TASK REQUIREMENTS
Pictures appear among the records below and must be omitted. Repeat exactly the lines from the line with "Heavy Duty Dana" to the line with "2021 MAZDA CX-5", both included.

INFORMATION SUPPLIED
»»
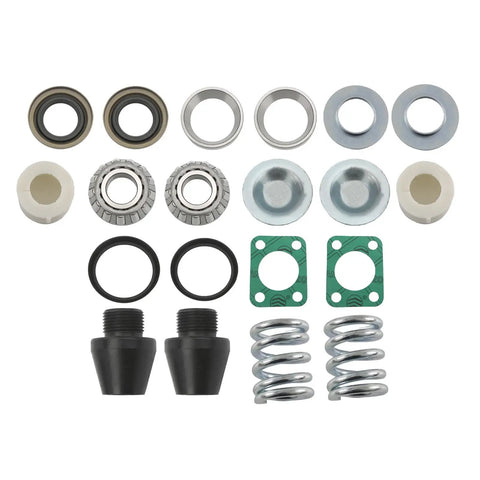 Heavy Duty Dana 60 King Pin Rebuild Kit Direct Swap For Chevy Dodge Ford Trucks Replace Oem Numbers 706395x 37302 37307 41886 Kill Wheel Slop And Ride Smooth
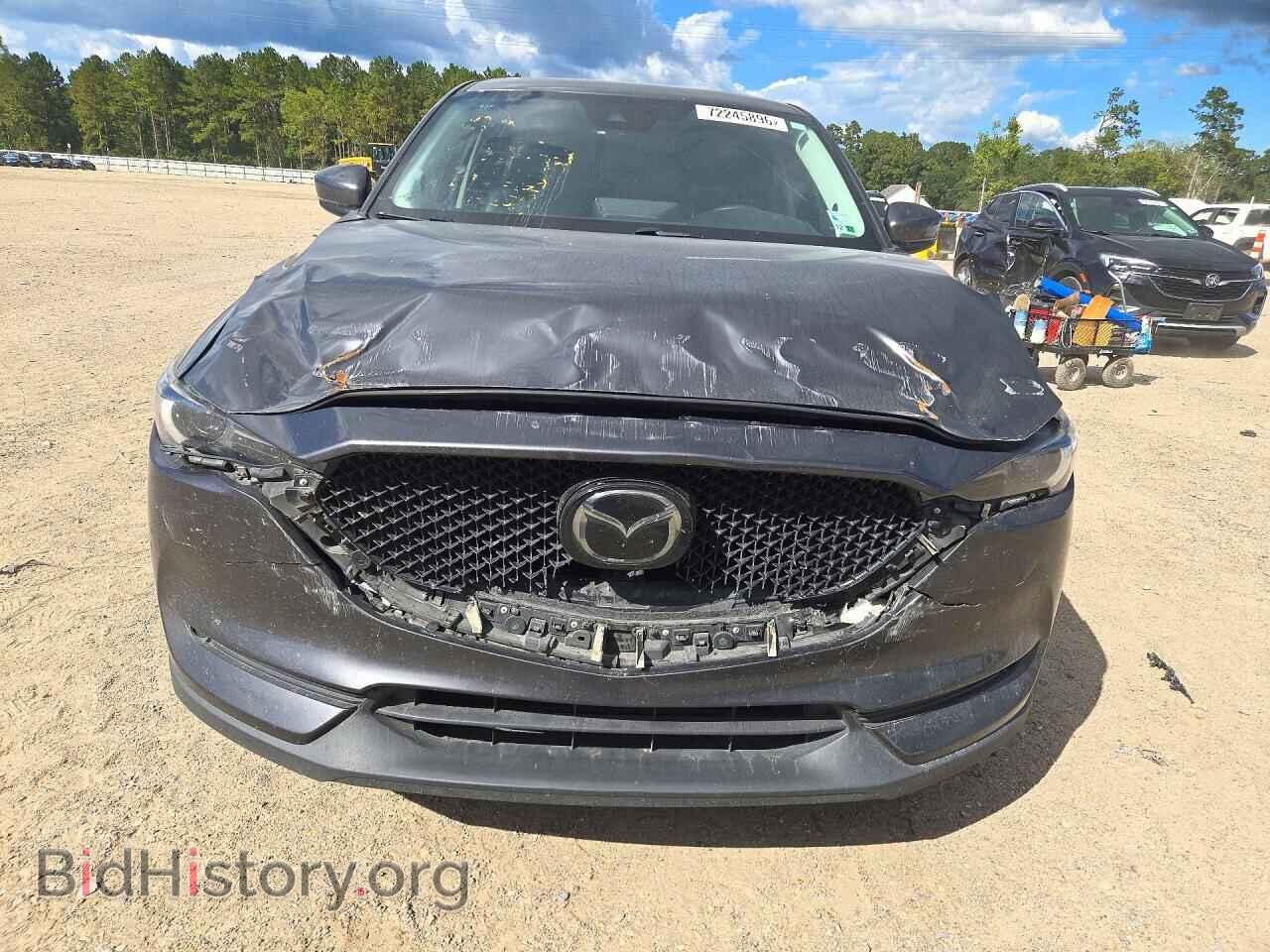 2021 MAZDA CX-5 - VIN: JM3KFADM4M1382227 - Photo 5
««
»»
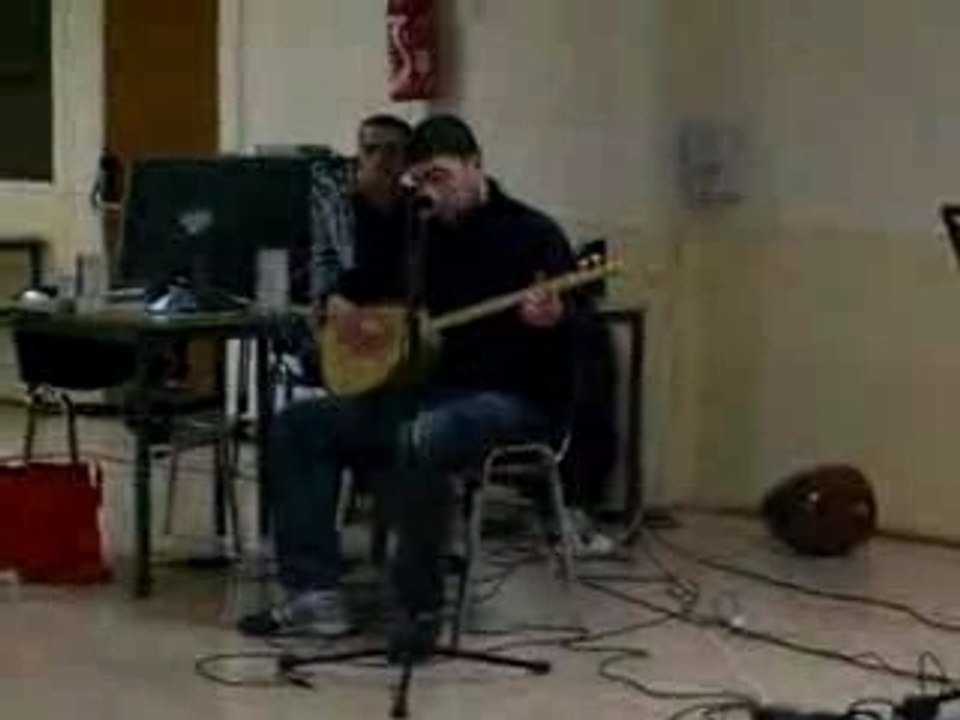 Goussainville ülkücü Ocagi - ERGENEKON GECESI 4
««
ANSWER FOR THIS EXERCISE
 Heavy Duty Dana 60 King Pin Rebuild Kit Direct Swap For Chevy Dodge Ford Trucks Replace Oem Numbers 706395x 37302 37307 41886 Kill Wheel Slop And Ride Smooth
 2021 MAZDA CX-5 - VIN: JM3KFADM4M1382227 - Photo 5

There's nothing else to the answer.